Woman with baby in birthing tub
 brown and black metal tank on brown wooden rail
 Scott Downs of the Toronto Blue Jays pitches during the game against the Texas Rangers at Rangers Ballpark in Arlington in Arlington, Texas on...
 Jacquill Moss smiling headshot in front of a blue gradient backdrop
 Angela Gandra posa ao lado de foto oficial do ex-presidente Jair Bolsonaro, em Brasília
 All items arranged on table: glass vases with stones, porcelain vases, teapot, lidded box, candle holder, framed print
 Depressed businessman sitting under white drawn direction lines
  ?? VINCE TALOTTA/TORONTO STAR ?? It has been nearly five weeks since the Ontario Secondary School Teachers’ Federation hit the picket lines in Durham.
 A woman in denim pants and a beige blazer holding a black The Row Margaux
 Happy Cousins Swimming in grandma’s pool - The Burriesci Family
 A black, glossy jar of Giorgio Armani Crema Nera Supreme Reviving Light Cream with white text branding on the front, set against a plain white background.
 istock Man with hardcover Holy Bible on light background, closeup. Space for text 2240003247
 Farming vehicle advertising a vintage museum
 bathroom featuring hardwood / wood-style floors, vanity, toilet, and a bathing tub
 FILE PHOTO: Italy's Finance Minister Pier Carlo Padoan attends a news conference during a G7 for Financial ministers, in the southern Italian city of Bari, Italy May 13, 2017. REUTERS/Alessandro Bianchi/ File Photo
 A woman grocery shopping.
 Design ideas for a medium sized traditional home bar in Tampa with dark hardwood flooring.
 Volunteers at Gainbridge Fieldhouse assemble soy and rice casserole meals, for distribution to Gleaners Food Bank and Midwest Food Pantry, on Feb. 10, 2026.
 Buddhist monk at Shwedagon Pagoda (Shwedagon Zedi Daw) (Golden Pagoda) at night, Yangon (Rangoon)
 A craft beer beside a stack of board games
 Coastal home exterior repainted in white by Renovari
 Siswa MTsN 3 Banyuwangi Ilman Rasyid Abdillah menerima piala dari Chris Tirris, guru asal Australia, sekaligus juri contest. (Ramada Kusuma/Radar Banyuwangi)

§ **WHAT NEEDS TO BE DONE**
Find the line with "Happy Cousins Swimming" in the material above. Reproduce it and each line after it up to and including the line with "Farming vehicle advertising a vintage museum".

§ **TASK SOLUTION**
 Happy Cousins Swimming in grandma’s pool - The Burriesci Family
 A black, glossy jar of Giorgio Armani Crema Nera Supreme Reviving Light Cream with white text branding on the front, set against a plain white background.
 istock Man with hardcover Holy Bible on light background, closeup. Space for text 2240003247
 Farming vehicle advertising a vintage museum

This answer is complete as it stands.